* **Assignment**: Set down only these lines, exactly: the line containing "Bán lô đất mặt tiền đường 20m giá 550tr Bán" and all lines through the end of the data below. Omit pictures.
Data extracts: Begin
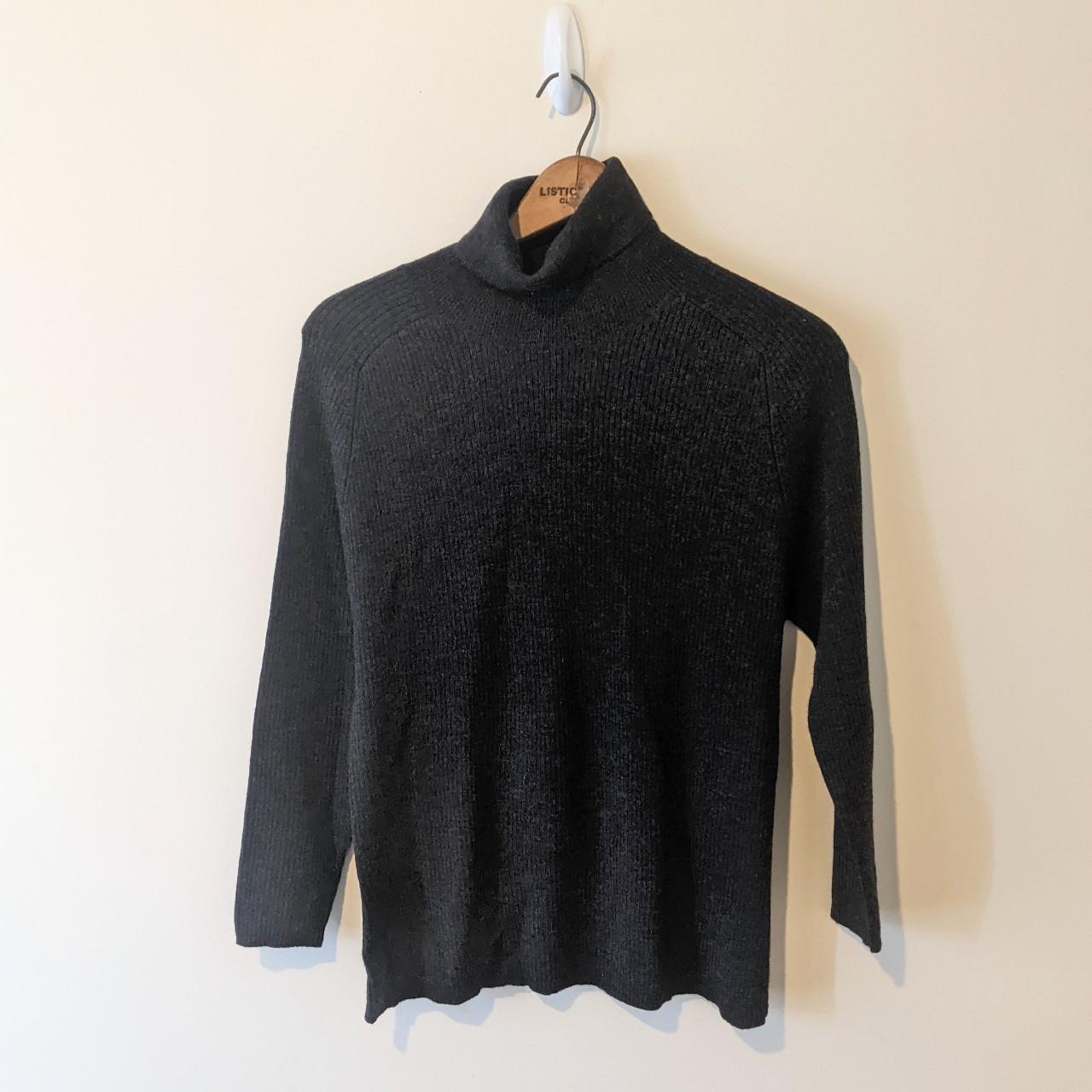 Banana Republic Women's Grey Jumper | Depop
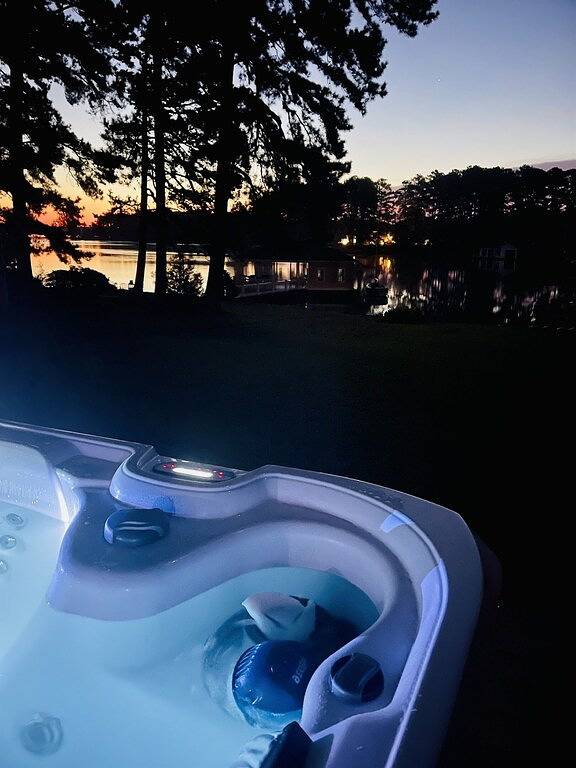 💥Luxury Waterfront Retreat Fully Renovated Hottub Kayaks Paddle board Gameroom in Lake Gaston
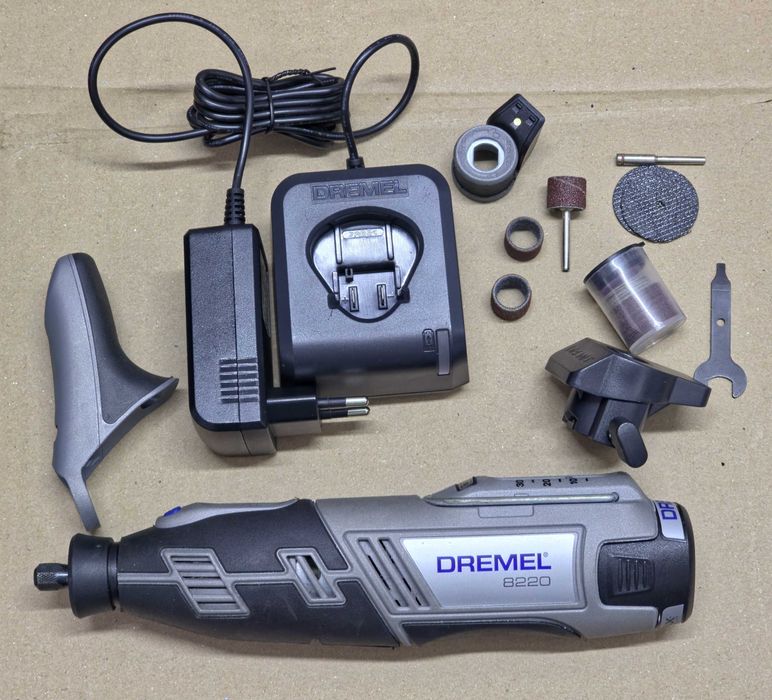 Dremel 8220 szlifierka akumulatorowa z akcesoriami
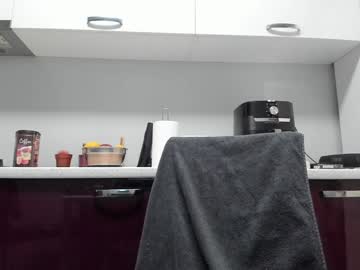 Angelsuitlove Chaturbate stream image from February 07, 2025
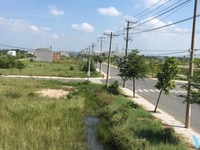 Bán lô đất mặt tiền đường 20m giá 550tr Bán lô đất mặt tiền đường 20m giá 550tr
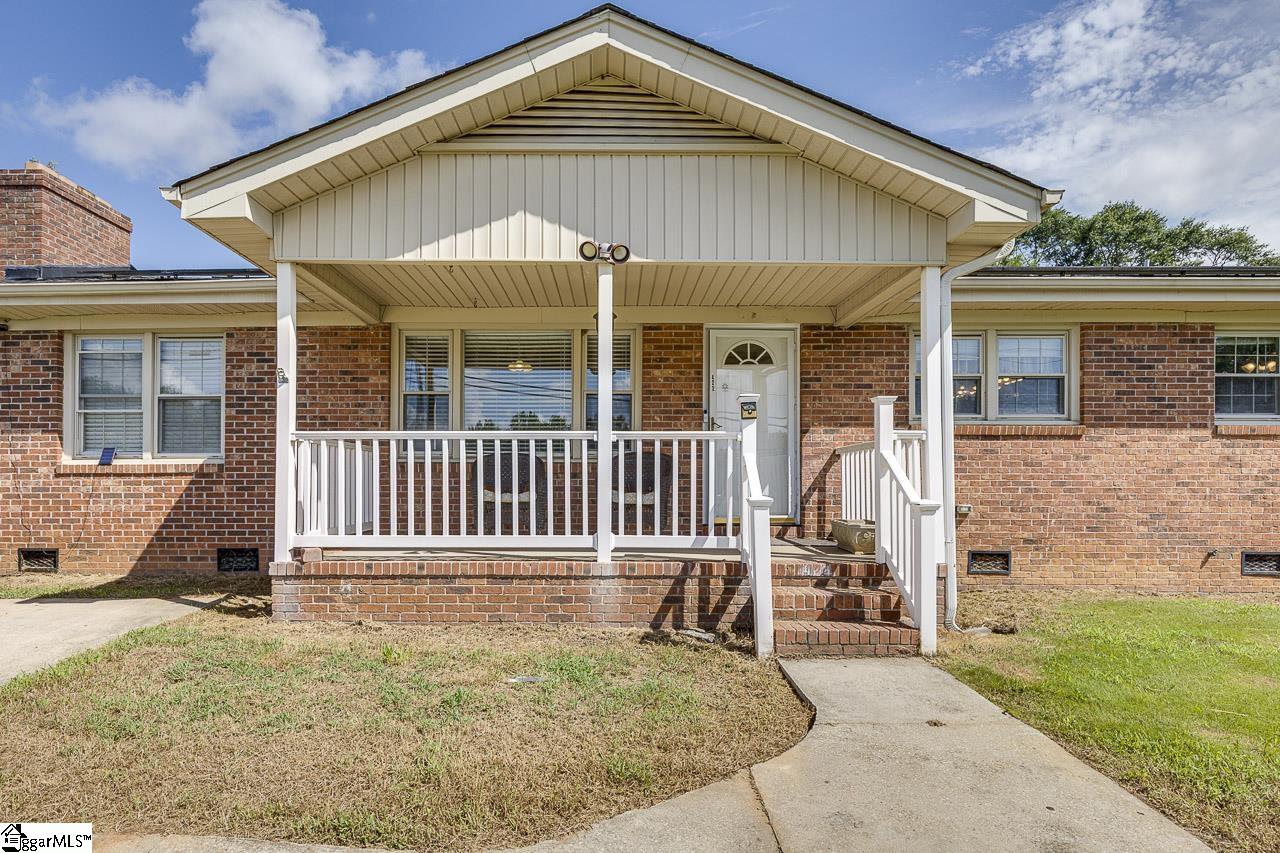 422 Rangeview Circle Greenville, SC 29617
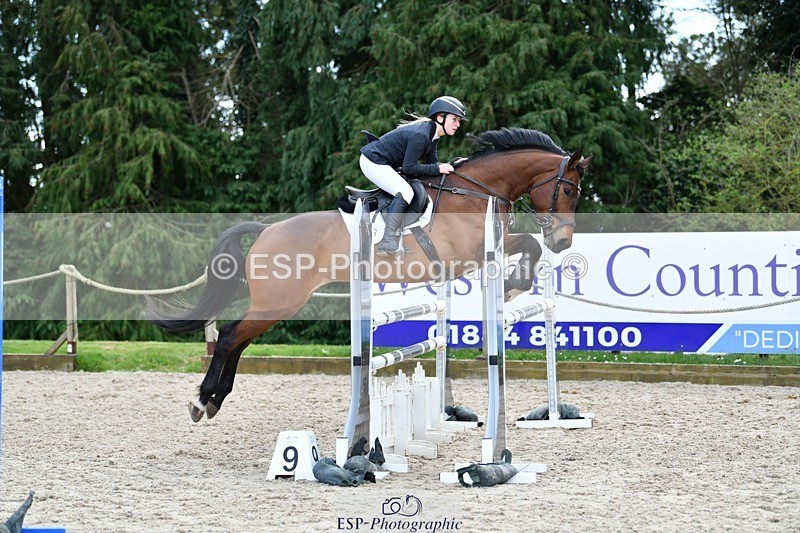 240324-122507-02543 - Cls 9 Snr 1.05m Open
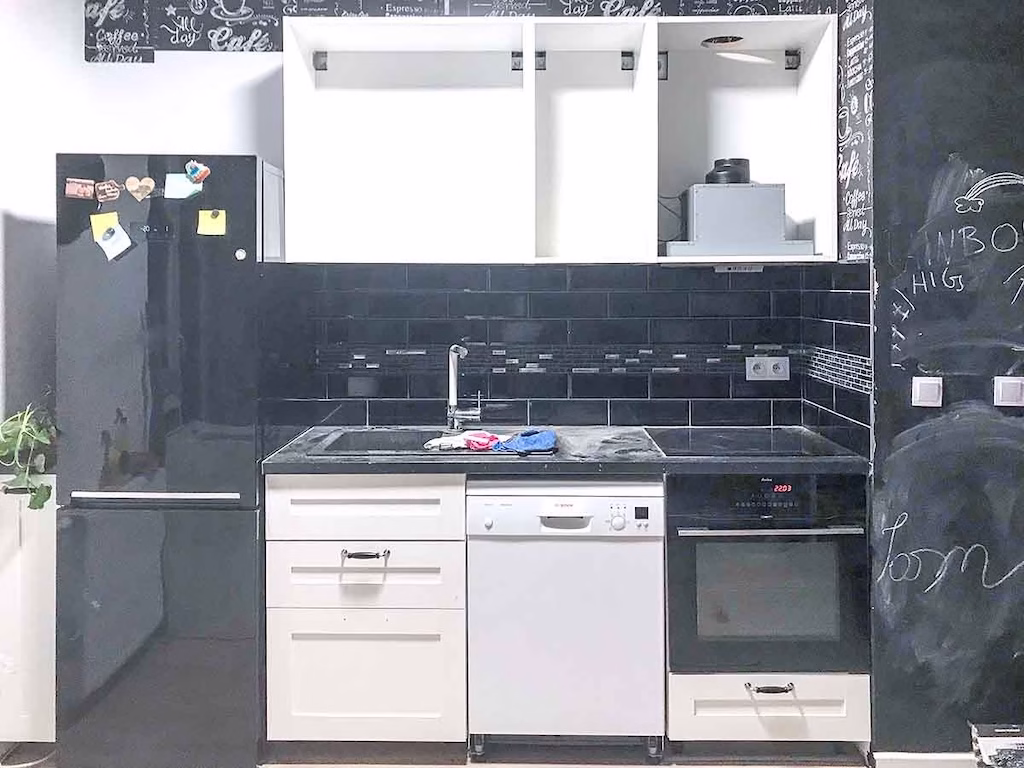 Szafki kuchenne w trakcie montażu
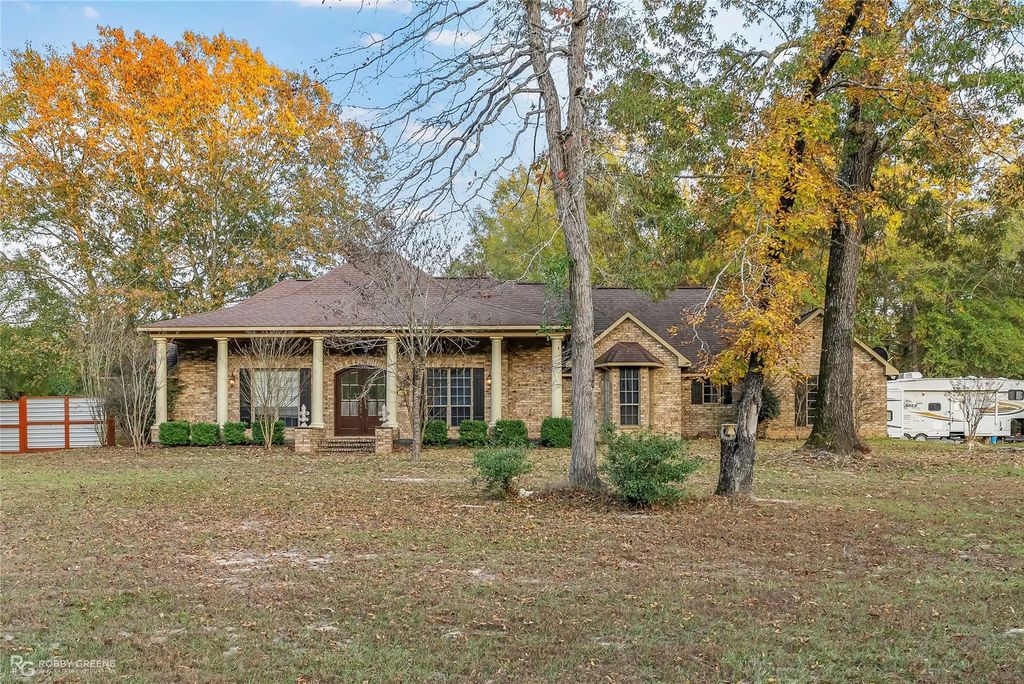 12168 Highway 157, Princeton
Data extracts: End
* **Solution**:
 Bán lô đất mặt tiền đường 20m giá 550tr Bán lô đất mặt tiền đường 20m giá 550tr
 422 Rangeview Circle Greenville, SC 29617
 240324-122507-02543 - Cls 9 Snr 1.05m Open
 Szafki kuchenne w trakcie montażu
 12168 Highway 157, Princeton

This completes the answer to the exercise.